Task data
* * * * * * *
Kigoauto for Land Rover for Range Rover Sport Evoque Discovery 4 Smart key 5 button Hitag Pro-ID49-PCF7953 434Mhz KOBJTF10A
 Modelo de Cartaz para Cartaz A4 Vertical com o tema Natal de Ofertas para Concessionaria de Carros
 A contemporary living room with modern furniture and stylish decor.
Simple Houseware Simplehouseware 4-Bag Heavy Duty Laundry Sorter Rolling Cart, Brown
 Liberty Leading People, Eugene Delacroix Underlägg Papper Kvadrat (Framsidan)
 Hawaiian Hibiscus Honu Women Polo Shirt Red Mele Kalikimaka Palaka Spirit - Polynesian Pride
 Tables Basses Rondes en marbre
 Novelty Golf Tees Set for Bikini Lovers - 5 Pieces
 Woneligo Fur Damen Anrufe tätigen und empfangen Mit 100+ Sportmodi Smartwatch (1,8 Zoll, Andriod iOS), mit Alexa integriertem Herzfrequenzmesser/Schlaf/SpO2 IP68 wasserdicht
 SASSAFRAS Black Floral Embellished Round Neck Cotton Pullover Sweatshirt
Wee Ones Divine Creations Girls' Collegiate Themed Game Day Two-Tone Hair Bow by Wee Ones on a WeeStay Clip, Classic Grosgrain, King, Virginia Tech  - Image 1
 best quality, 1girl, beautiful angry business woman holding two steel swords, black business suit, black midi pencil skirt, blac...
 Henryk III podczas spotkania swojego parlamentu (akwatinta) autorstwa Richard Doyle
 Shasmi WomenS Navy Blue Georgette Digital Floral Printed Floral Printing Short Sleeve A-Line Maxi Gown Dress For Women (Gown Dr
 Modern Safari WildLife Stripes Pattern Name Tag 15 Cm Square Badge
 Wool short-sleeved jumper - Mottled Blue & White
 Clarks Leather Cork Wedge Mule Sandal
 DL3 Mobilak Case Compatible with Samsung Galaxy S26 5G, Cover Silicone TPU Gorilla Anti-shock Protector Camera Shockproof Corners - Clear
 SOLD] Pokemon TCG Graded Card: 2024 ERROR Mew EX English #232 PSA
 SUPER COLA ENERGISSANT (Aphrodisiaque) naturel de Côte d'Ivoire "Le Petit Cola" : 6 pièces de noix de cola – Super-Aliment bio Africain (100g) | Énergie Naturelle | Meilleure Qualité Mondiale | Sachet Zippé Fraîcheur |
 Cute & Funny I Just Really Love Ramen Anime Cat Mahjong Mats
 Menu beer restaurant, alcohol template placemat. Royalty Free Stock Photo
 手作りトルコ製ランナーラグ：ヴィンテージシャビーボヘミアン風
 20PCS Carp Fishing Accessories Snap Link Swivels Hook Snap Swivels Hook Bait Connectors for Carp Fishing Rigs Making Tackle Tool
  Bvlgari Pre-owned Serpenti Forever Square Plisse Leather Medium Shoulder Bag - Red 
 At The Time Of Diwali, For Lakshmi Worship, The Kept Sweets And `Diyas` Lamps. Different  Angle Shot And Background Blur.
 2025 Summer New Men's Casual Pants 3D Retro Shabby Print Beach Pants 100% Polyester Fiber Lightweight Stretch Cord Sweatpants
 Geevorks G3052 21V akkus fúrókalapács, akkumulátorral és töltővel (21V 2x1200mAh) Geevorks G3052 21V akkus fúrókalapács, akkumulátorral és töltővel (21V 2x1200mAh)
* * * * * * *
Work required
Above are the records. Print exactly, and only, the lines from the line with "best quality, 1girl, beautiful" to the line with "DL3 Mobilak Case", both inclusive.

Task result
 best quality, 1girl, beautiful angry business woman holding two steel swords, black business suit, black midi pencil skirt, blac...
 Henryk III podczas spotkania swojego parlamentu (akwatinta) autorstwa Richard Doyle
 Shasmi WomenS Navy Blue Georgette Digital Floral Printed Floral Printing Short Sleeve A-Line Maxi Gown Dress For Women (Gown Dr
 Modern Safari WildLife Stripes Pattern Name Tag 15 Cm Square Badge
 Wool short-sleeved jumper - Mottled Blue & White
 Clarks Leather Cork Wedge Mule Sandal
 DL3 Mobilak Case Compatible with Samsung Galaxy S26 5G, Cover Silicone TPU Gorilla Anti-shock Protector Camera Shockproof Corners - Clear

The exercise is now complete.